つまり、「山登り」というスポーツは、つねにある程度の危険性を伴っているということを意識していかないといけない。経験が少なく、軽装備で登山に望むのはもちろん論外だが、経験が豊富で装備も万端であっても、判断ミスや急な体調や天候の変化で命を落とすことは時としてあることで、残念ながらそれをゼロにすることは無理なのかもしれない。
それに対して、海や川の場合は、「もう少し注意していたら命を落とすことなどなかったのに…」というようなケースが多いような気がしてならない。また、海や川の場合は、マリンスポーツというよりは「水遊び」で命を落とすケースがほとんどのような気がする。

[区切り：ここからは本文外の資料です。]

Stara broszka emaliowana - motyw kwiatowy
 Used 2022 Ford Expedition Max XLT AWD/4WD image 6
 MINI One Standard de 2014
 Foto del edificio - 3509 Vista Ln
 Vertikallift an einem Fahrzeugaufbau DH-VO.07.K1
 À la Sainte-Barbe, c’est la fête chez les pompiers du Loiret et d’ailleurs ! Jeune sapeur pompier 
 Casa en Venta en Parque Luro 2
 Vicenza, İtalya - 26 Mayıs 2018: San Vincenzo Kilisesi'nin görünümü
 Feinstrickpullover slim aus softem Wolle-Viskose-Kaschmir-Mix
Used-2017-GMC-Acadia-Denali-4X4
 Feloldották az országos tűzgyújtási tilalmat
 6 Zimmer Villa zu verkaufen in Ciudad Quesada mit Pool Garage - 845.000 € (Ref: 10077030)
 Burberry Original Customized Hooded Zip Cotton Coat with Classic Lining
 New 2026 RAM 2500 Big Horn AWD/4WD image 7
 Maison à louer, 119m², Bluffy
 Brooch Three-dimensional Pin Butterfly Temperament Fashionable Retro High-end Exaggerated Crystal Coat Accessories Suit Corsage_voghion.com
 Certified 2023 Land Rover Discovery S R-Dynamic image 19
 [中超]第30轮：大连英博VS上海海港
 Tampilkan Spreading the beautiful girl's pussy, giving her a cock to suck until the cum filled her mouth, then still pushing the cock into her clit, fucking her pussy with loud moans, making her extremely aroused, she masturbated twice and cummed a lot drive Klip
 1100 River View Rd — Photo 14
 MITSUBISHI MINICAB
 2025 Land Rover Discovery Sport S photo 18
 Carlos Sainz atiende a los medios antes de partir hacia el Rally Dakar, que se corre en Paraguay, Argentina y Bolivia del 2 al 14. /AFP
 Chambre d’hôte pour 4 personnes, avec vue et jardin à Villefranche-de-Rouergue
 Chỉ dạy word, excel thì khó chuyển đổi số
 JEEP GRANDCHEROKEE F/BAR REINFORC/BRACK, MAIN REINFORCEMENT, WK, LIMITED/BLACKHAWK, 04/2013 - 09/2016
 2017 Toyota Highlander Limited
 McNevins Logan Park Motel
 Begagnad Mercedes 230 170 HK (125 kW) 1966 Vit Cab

このゴールデンウイーク中に、新潟の海岸で5人もの人が溺れて死亡するという悲惨な事件が起きてしまった。5人のうち3人は6歳から8歳の子供、そして残る2人は20代から30代の大人である。子供たちが最初に溺れ、それを助けようとした大人も溺れてしまったようだ。
多くの人が亡くなってしまい、私は、もちろんその場にいたわけではないのでうかつなことは言えないのだが、テレビのニュースでこの事故のことを耳にしたときに、「もう少し保護者が注意していれば誰も命を落とさないでいたのでは…」という気がしてならない。
・事故現場は海水浴場には指定されていなかった。
(波打ち際から2、3mも離れると急に深くなる場所だった)
・事故当時、波はけっこう高かった。
・まだまだこの時期は水温は低かった。
(実際の水温は分からないが、天気が良く暖かかったとしても日本海側である現場の水温はかなり低か
たことは予想される)
亡くなられた方々は長野県から来ていた観光客のだと聞いていてる。よって、事故が起きた海岸の状況は不慣れだったのだろう。保護者も「海に入るわけではないし、波打ち際で遊ばせているだけなら大丈夫だろう」と安易な気持ちでいたことは容易に想像ができる。でも、実際は波にさらわれ、それを助けようとした大人までも命を落としてしまった。
私には、保護者が「泳ぐわけではないが、万が一のために」と子供たちにライフジャケットを着用させていれば誰も命を落とさずに済んだのではないかと言う気がしてならない。どうも、私たち日本人?には、「ちょっと遊ばせるだけなのに、ライフジャケットなんて大げさな…」と考える傾向があるような気がする。